── Material to process
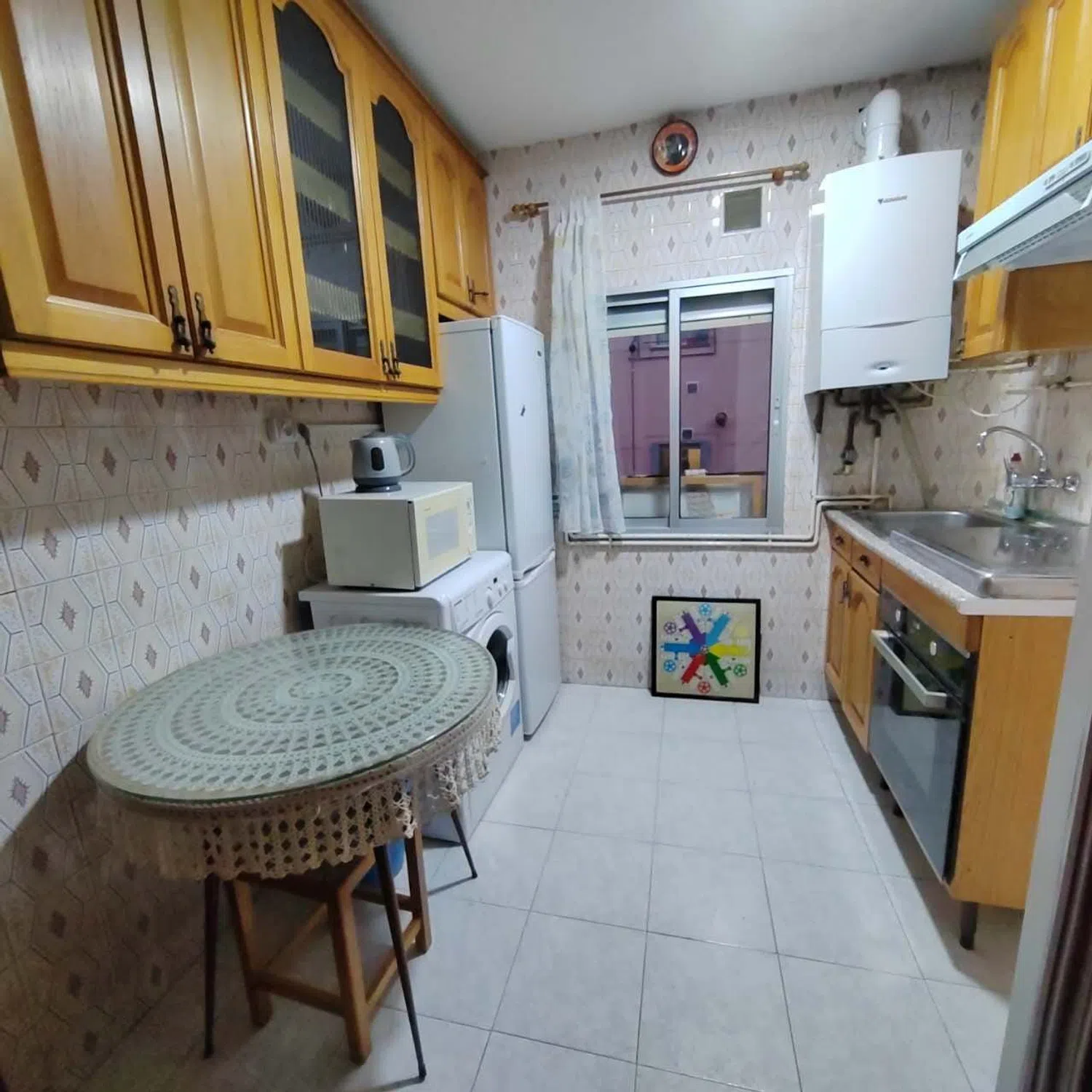 Estudio en calle la Alberca de Záncara, 15 - Foto 7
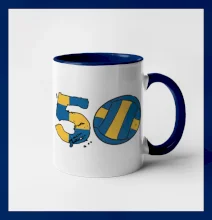 Volejbal kulaté narozeniny 50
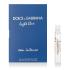 Dolce&Gabbana Light Blue Eau Intense Eau de Parfum nőknek 1,5 ml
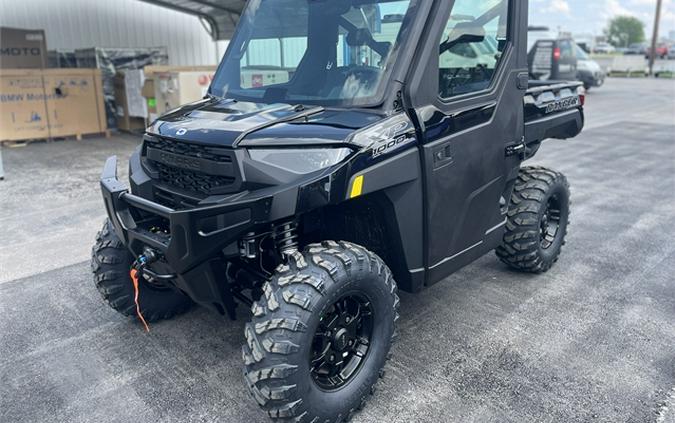 2025 Polaris Ranger XP 1000 NorthStar Edition Premium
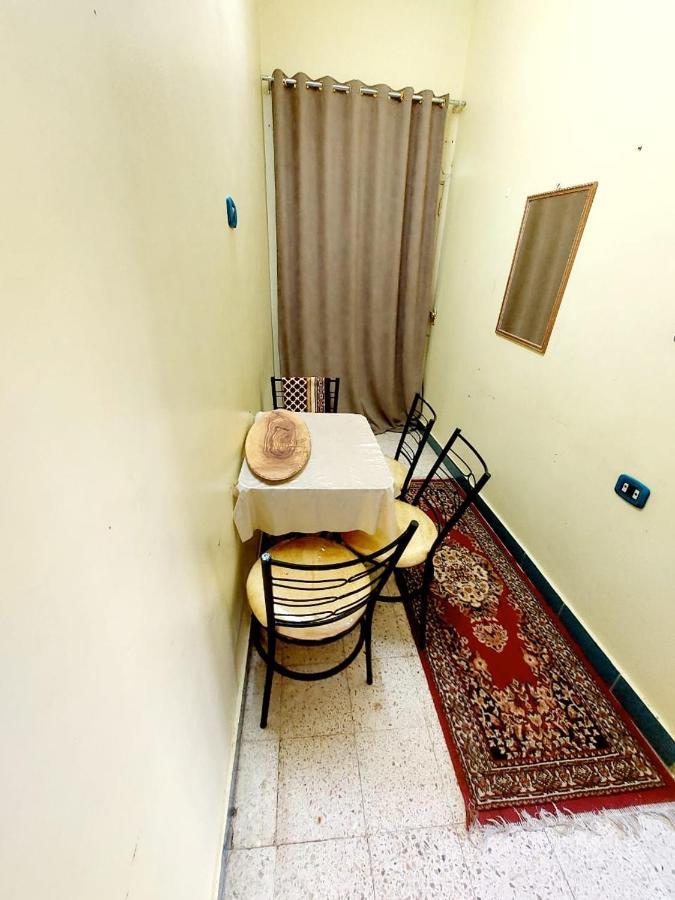 Gamal Robob Nubian Guest House Асуан Екстериор снимка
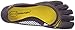 Vibram Women's VI-B Fitness Yoga Shoe (39, Nightshade)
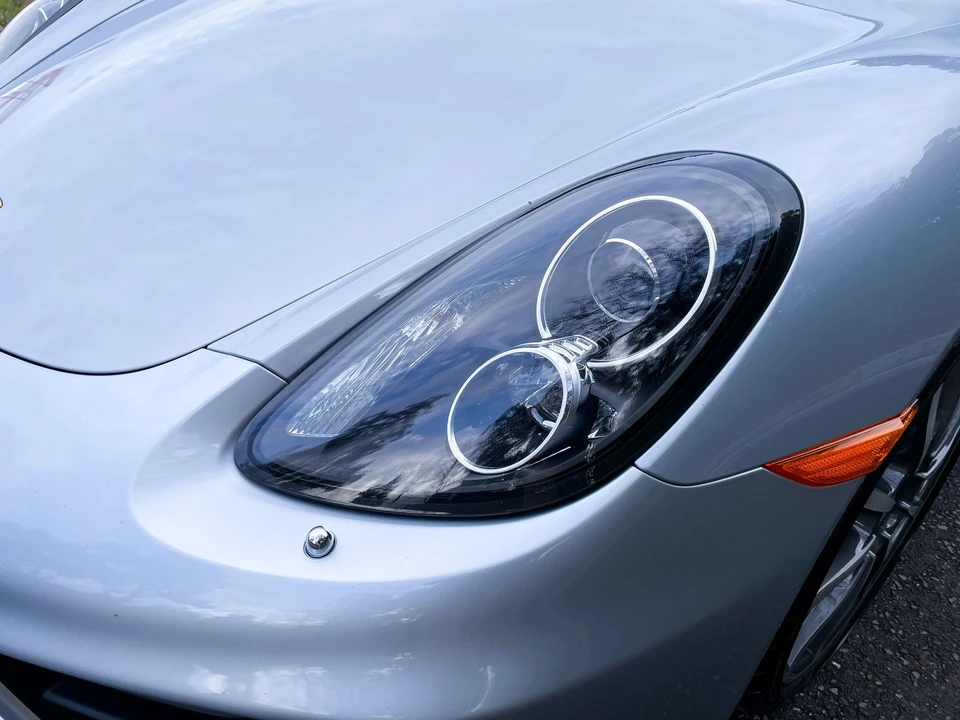 2014 Porsche 981 Cayman S - Image 13 of 19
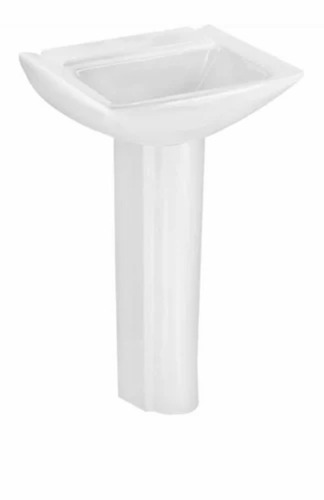Full Pedestal Basin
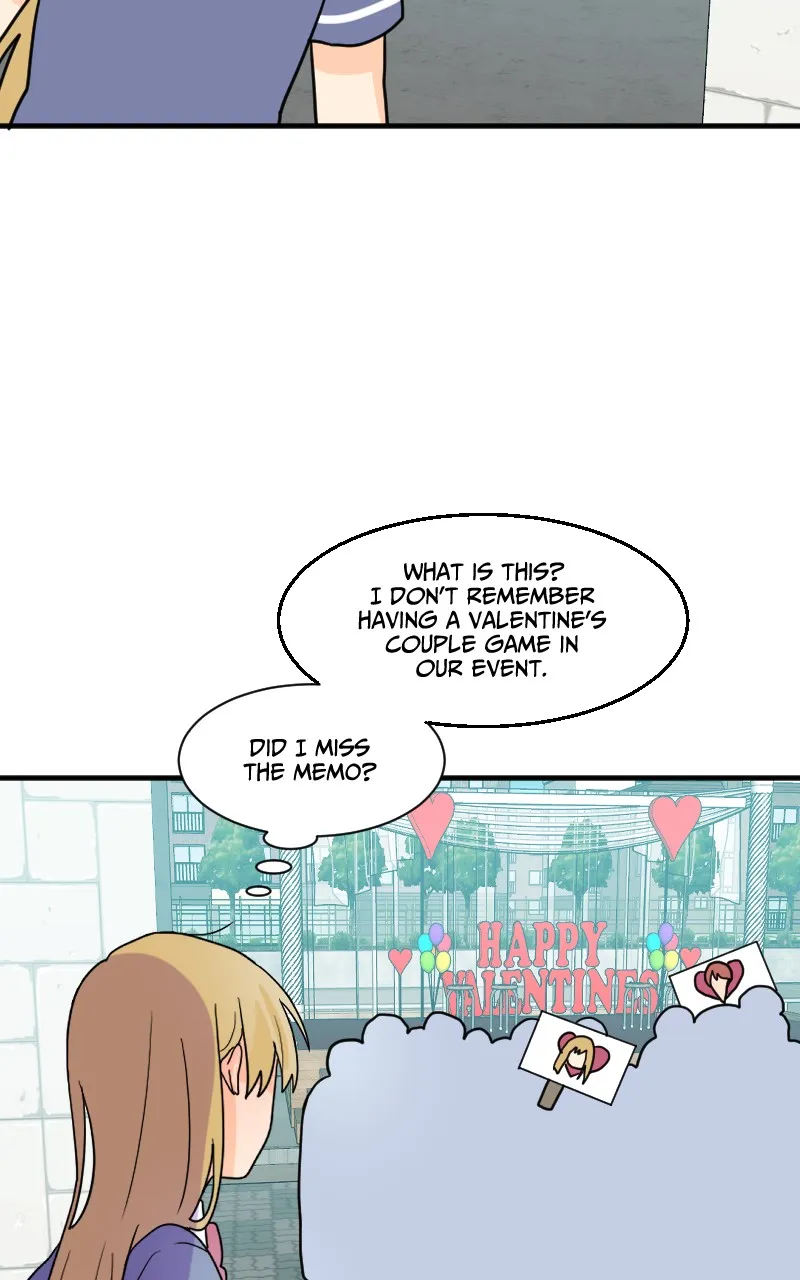 Not So Shoujo Love Story Chapter 36 page 68 - 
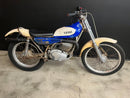 Pre-Loved 1976 Yamaha 250 Twin Shock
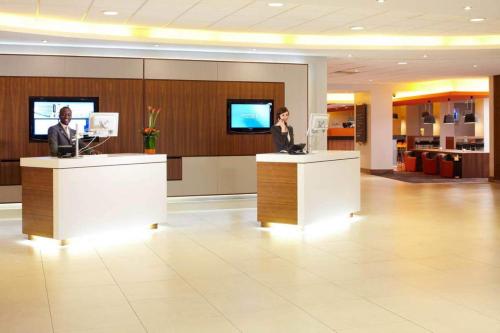 novotel london waterloo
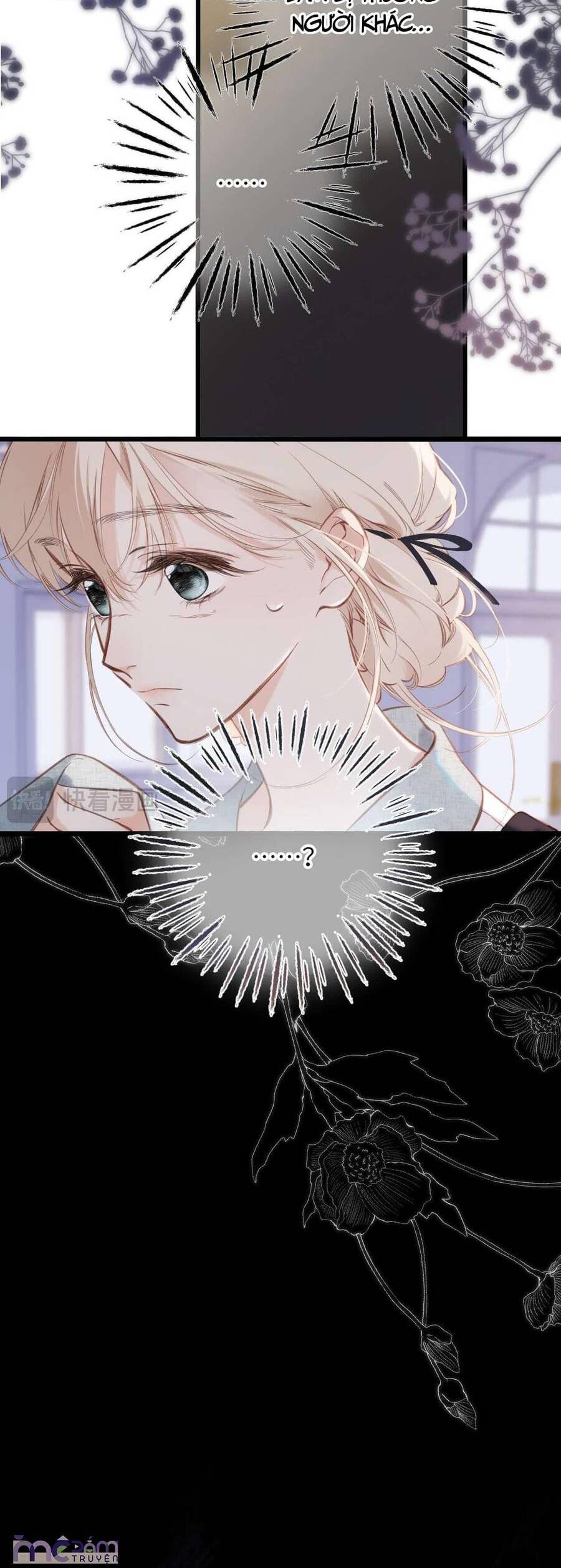Dã Thú Khi Yêu Chap 27 - Next Chap 28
────
Exercise goal |
From the first line to the last, restate the entries exactly, without pictures.

Reply |
 Estudio en calle la Alberca de Záncara, 15 - Foto 7
 Volejbal kulaté narozeniny 50
 Dolce&Gabbana Light Blue Eau Intense Eau de Parfum nőknek 1,5 ml
 2025 Polaris Ranger XP 1000 NorthStar Edition Premium
 Gamal Robob Nubian Guest House Асуан Екстериор снимка
 Vibram Women's VI-B Fitness Yoga Shoe (39, Nightshade)
 2014 Porsche 981 Cayman S - Image 13 of 19
Full Pedestal Basin
 Not So Shoujo Love Story Chapter 36 page 68 - 
 Pre-Loved 1976 Yamaha 250 Twin Shock
 novotel london waterloo
Dã Thú Khi Yêu Chap 27 - Next Chap 28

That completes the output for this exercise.